For Sukhwinder Singh, this month marks 15 years since his wife Jassi Sidhu sprung him from jail by declaring her love for him at a courthouse in Punjab, India.
That declaration and her insistence that she had married the man she loved out of her own free will led to her murder and a saga of forbidden love that spanned two continents.
This week 15 years after her so called “honour killing”, the Indian Supreme Court upheld the convictions of three men hired to take out the cultural misfit by her uncle and mother.
The three, including a police inspector, will continue to serve life imprisonment terms.
For Sukhwinder Singh aka Mithu, the ruling is a hollow victory, because his wife’s mother and uncle – Malkiat Kaur and Surjit Singh Badesha – who are accused of hiring the hitmen remain in a Vancouver jail fighting extradition to India.
“I am happy that the persons who killed my wife in cold blood will remain behind bars for life,” Singh told India’s Tribune News Service. “But my struggle for justice continues (until) the persons who hired these contract killers face punishment.”
“I want to come face-to-face with my mother-in-law and ask her if love was such a crime that she got her own daughter killed,” said Singh, who hasn’t remarried.
Jassi was 25 when she was found slain in a canal in India's Punjab state in June 2000 when she was in the country in a bid to bring back her husband, Mithu  whom her family strongly disapproved of.
The BC Supreme Court ruled last year that there is enough evidence to extradite Jassi's mother, Malkit Kaur Sidhu, and her uncle, Singh Badesha, to India, where they have been charged with conspiracy to commit murder.
The extradition case was bolstered by testimony from Jassi’s co-workers and friends. Seven people in India have been convicted of conspiracy to commit murder in her death.
Harbinder Singh Sewak, who co-authored the book Justice for Jassi and set up the website justiceforjassi.com said he will continue to watch the case.
"There is still a long way to," said Sewak who has followed the story for more than a decade and co-authored the book Justice for Jassi.
The book’s lead author is Fabian Dawson, a Vancouver based journalist and filmmaker, who was involved in exposing the so called ‘honour killing’ since 2000 and Jupinderjit Singh, a reporter with Tribune newspaper in Punjab.
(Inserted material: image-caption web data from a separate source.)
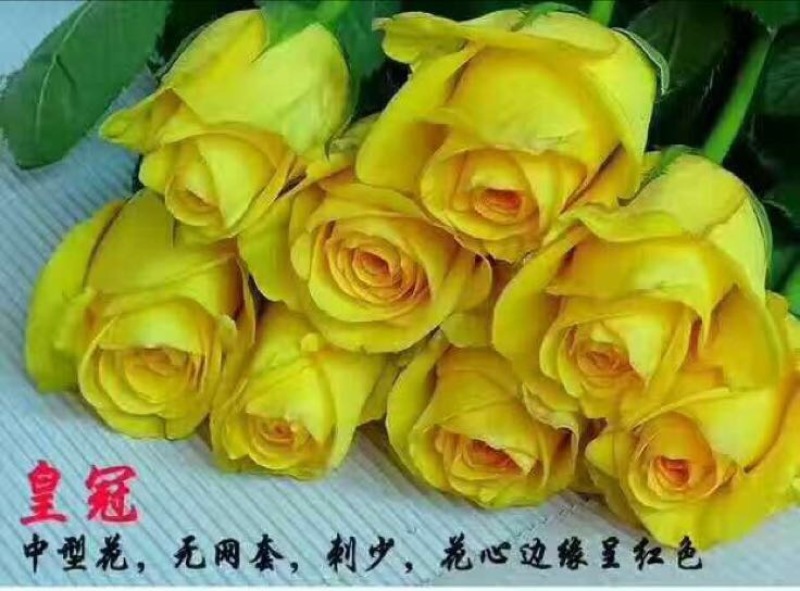 玫瑰苗10~20cm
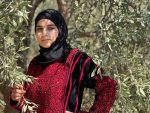 Handmade Palestinian embroidered Thobe with Velvet fabric - Image 17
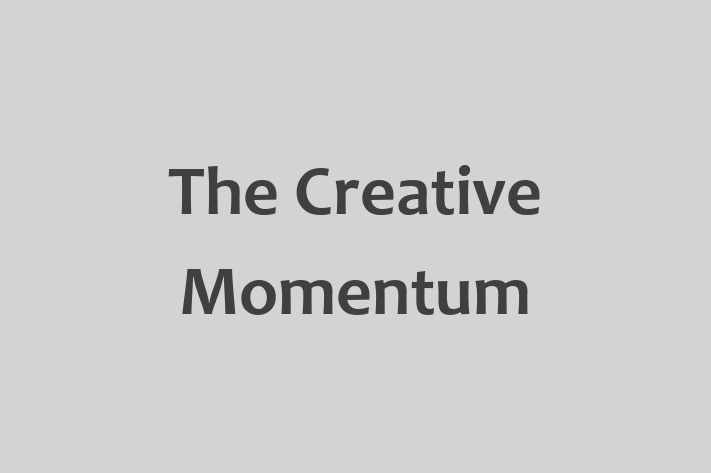 Software Firm The Creative Momentum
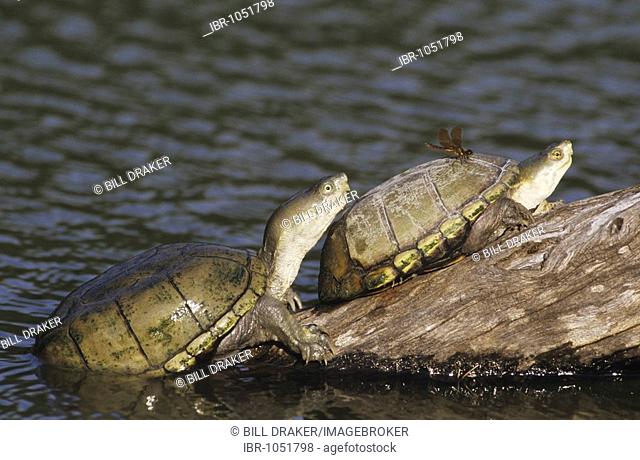 Yellow Mud Turtle (Kinosternon flavescens), adults sunning on log with dragonfly on its back, Starr County, Rio Grande Valley, Texas, USA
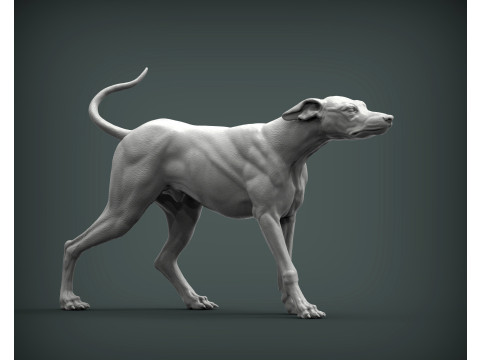 Greyhound dog Model Cetak 3D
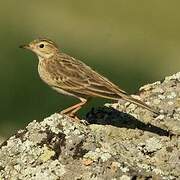 Blyth's Pipit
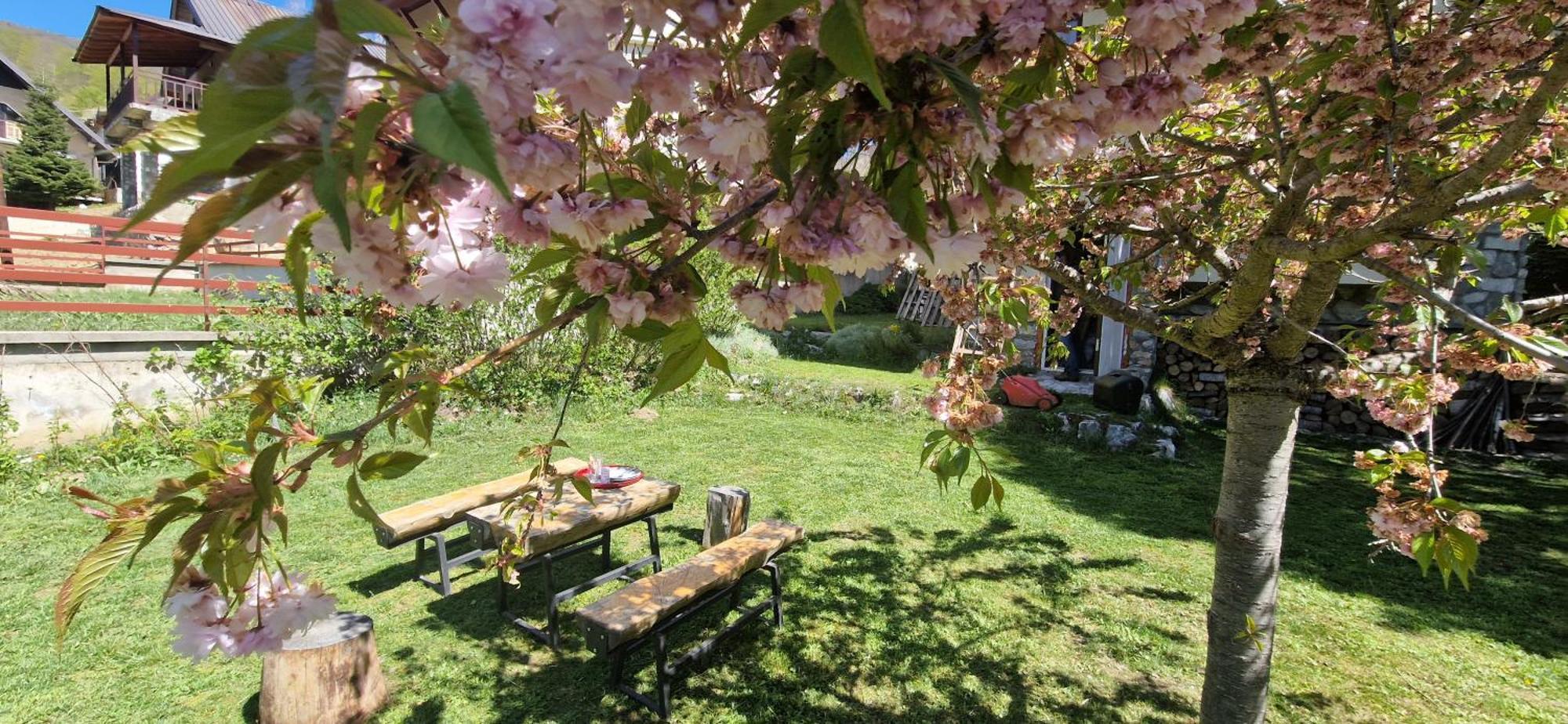 Chalet Mila Mavrovo Eksteriør bilde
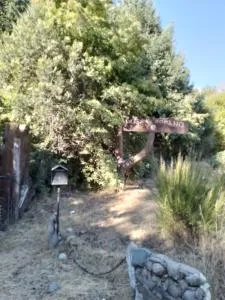 Puenteromano - Golondrinas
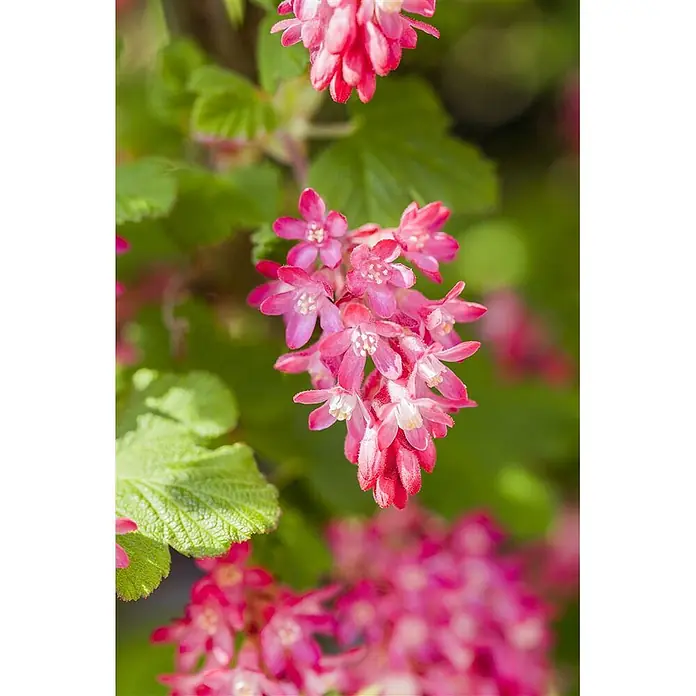 Pflanzen für dich Blutjohannisbeere 60-80 cm - Ribes sanguineum 'King Edward VII', Rot - Leuchtend rosa Blüten mit weißen Zentren.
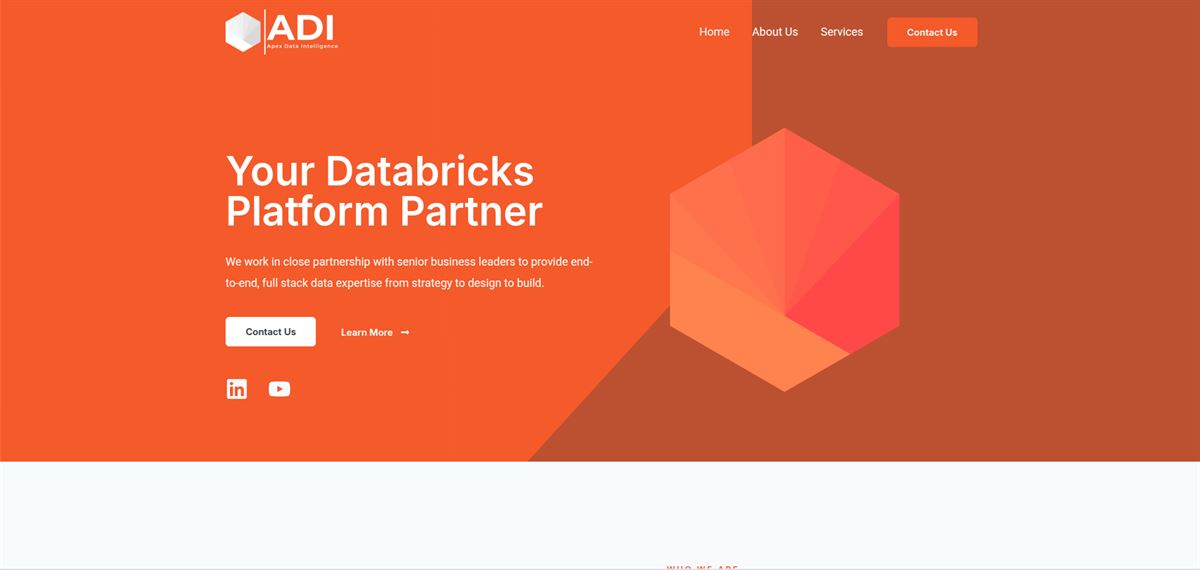 Apex Data Intelligence website homepage with the Databricks platform partner hero banner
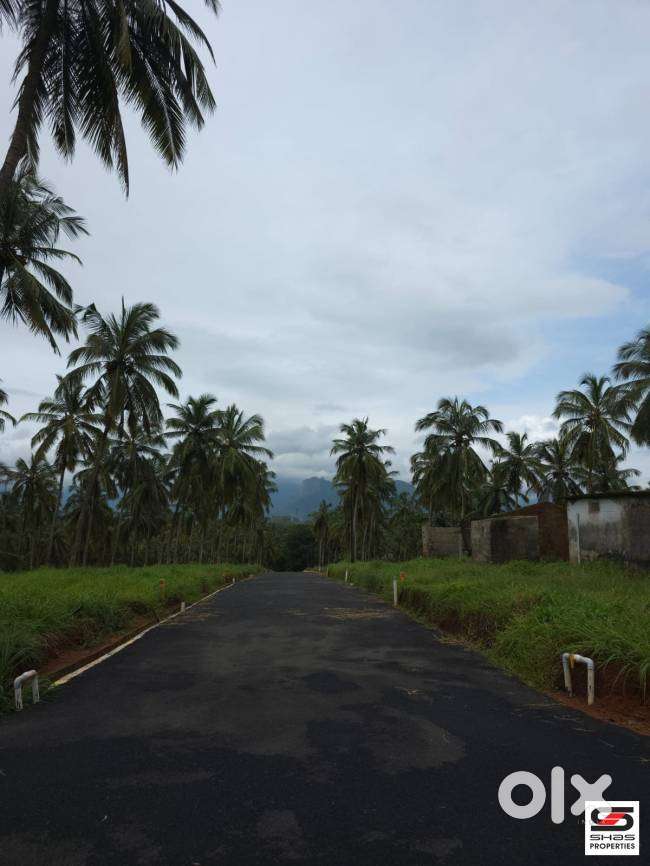 8 Cent House plot for sale in Viyyakurissi,Palakkad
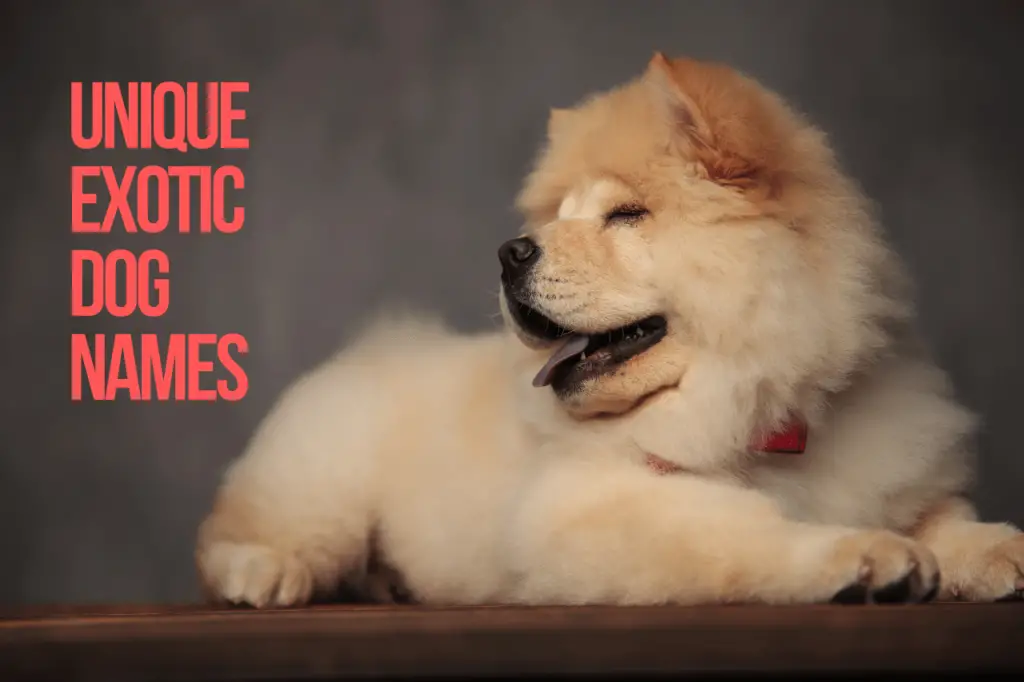 Unique Exotic Dog Names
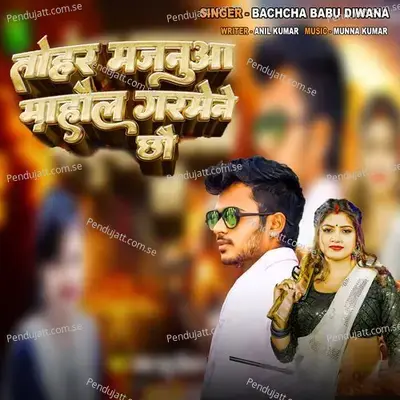 Tohar Majanua Mahol Garmene Chho - Bachcha Babu Diwana album cover 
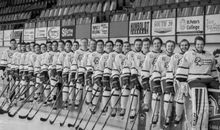 忆秦娥·少年梦_100字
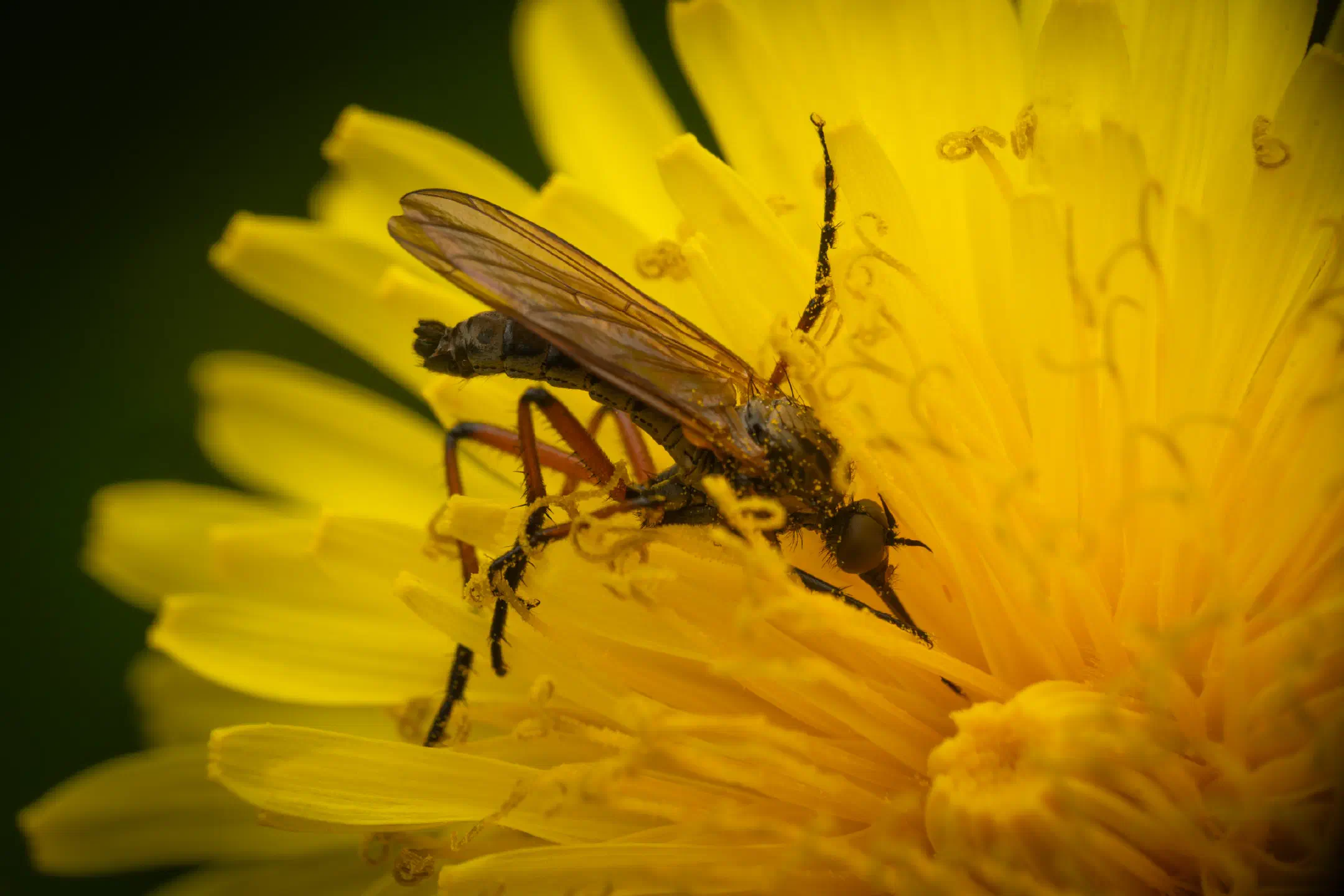 Dance Flies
The book documents the entire international saga of forbidden love and is narrated from the perspective Mithu, who since his wife’s death a decade ago has refused to re-marry and has continued fighting to see justice done for his wife.
The authors scoured through thousands of police and court records in Canada and India, as well as hours of tape interviewing officials. The book shows how her mother and uncle orchestrated Jassi’s murder from Maple Ridge .
“We kept the website alive, we kept the story alive and we will continue to do so until there is justice for Jassi,” said Sewak.